During our research, we found a beautiful property (having just gone under offer) just a few minutes’ walk from the sea beach and Lytham centre. Currently divided into two flats, it required a full refurbishment, but at £275,000 it seemed a bargain – equivalent 5 bedroom houses in a neighbouring street are selling at between £550,000 and £600,000. Our summary of what you could expect to achieve is outlined below:
Project Analysis – 5 Bedroom (Lytham) House Conversion:
(Based on approximate costs and revenues only)
Purchase Price 275,000.00
Fees & Purchase Costs 10,000.00
Planning & Design 1,500.00
Refurbishment – Internals 75,000.00
Refurbishment – Externals 10,000.00
Compliance Costs 1,500.00
Utilities & LA Costs 1,500.00
Contingency 15,000.00
Sales Costs 5,000.00
Project Expenditure £394,500
Finance Costs @ 7.5% 29,587.50
Total Cost: 424,087.50
Sales Revenue 575,000.00
Gross Return 150,912.50
Gross ROI 26.25%
Rental Value 30,000.00
Rental Costs @ 15% 4,500.00
Nett Rental Yield 25,500.00
Rental ROI 6.01%
The above property went under offer within a week or so of coming onto the market. By contrast, the Blackpool hotels typically get marketed for a few months before being put into auction, often being sold at around the guide or even below it, post sale. This alone perhaps indicates where the smarter money is going – or simply where the costs, exit and returns are a little more certain.
The Propportunity:
Whilst we began this research looking for an answer to the unloved hotel stock currently filling up the coastal auction rooms, we found that the most attractive and lower risk deals are more often found in the more upmarket resorts. The old adage of Location, Location, Location, clearly rings true here and we feel that the uncertainties over planning (short term) and potential growth (longer term) of Blackpool and other traditional seaside resorts limit its attraction at this time.

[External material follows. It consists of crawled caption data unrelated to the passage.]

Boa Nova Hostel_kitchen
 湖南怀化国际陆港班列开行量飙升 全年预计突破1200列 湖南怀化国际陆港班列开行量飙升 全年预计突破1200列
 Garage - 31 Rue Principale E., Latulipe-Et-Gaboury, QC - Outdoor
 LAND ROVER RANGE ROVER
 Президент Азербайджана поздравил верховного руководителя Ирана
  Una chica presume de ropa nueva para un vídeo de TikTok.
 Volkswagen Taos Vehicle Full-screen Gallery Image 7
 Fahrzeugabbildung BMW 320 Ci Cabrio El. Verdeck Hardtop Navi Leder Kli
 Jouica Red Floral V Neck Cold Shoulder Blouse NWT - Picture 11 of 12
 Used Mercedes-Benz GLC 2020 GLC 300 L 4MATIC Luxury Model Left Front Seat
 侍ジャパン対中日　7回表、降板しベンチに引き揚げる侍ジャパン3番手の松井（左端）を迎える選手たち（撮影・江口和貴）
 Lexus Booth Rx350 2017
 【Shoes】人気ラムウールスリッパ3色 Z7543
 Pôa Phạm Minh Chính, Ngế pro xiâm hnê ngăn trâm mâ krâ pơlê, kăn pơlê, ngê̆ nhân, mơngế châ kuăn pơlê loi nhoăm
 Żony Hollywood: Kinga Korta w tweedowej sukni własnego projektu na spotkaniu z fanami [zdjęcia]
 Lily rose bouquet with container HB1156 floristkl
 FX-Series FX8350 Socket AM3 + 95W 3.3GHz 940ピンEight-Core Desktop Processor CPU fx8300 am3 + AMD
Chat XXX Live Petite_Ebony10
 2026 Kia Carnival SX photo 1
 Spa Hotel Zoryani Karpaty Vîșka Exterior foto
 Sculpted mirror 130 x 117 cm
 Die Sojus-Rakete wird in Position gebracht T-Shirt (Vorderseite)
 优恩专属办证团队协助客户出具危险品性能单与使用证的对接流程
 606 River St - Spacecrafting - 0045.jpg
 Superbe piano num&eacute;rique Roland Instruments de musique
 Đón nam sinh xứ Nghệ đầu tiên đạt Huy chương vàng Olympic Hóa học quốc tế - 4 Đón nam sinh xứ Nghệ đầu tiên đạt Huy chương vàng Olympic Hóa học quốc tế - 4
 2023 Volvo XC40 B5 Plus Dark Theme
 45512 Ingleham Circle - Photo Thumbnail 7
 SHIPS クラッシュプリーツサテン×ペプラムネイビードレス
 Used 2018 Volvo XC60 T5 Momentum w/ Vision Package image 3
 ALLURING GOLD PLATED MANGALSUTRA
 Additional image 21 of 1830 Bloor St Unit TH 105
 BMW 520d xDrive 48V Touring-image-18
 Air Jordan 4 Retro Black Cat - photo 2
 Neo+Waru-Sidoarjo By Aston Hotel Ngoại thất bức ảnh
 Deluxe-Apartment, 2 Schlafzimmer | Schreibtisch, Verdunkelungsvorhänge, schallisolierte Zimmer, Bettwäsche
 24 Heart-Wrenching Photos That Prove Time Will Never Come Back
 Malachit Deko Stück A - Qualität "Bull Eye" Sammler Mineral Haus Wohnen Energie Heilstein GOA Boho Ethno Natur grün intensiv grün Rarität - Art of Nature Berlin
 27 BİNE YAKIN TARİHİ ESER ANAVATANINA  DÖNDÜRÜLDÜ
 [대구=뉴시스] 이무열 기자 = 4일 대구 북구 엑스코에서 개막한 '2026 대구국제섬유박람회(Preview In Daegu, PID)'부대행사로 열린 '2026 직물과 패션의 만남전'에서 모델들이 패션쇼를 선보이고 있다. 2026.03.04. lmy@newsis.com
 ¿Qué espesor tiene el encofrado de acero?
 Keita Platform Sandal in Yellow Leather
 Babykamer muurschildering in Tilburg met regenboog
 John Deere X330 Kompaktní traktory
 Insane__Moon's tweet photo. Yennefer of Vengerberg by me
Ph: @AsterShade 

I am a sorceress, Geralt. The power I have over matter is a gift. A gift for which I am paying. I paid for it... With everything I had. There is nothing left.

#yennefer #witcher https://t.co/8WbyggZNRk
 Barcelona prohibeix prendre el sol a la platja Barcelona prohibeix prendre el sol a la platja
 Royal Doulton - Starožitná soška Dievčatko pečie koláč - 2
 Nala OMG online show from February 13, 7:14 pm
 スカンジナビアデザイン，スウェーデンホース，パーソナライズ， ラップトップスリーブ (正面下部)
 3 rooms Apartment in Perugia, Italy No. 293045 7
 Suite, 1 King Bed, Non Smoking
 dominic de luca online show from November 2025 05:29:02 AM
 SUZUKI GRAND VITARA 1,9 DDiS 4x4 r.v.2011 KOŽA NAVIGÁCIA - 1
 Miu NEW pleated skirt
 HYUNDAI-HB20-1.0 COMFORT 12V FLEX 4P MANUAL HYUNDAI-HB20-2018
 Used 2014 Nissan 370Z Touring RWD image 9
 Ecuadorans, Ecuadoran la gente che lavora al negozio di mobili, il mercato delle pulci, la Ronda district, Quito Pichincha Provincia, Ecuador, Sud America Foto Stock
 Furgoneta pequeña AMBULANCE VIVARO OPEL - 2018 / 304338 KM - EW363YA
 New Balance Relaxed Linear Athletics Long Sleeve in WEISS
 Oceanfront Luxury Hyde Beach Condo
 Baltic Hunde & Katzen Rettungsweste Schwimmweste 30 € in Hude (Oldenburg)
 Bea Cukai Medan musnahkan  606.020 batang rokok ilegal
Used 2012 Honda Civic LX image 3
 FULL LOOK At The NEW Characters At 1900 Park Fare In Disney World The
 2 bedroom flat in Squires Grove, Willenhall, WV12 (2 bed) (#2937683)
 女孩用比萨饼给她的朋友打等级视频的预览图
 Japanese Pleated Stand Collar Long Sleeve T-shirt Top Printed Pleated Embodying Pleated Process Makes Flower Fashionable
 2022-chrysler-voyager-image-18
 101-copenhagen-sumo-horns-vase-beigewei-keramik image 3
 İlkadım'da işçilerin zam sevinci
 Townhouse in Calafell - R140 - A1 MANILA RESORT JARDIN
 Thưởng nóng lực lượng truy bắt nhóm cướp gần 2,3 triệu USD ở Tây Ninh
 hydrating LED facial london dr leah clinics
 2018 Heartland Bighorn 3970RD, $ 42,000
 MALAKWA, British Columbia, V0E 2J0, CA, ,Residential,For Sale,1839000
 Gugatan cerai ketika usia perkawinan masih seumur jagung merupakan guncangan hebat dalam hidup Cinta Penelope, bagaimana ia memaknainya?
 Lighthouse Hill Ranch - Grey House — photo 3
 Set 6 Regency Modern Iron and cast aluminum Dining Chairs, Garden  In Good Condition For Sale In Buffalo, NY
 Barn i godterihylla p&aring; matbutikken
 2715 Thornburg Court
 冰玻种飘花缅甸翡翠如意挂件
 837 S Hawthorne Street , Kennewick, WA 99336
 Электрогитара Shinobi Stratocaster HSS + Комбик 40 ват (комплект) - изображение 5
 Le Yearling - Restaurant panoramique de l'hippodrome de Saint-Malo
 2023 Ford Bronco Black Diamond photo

However, there is no disputing the current purchase prices are cheap (perhaps too cheap) and if you have the means to invest £100,000 or so without any immediate return, the longer term uplift could well be significant. Alternatively, if you have the means and expertise to establish a purpose built vehicle with the resources to take on a number of properties in the short term, and with a willingness to work alongside the local authority to tackle the affordable housing issues if the town, this could well represent an excellent long term business propportunity.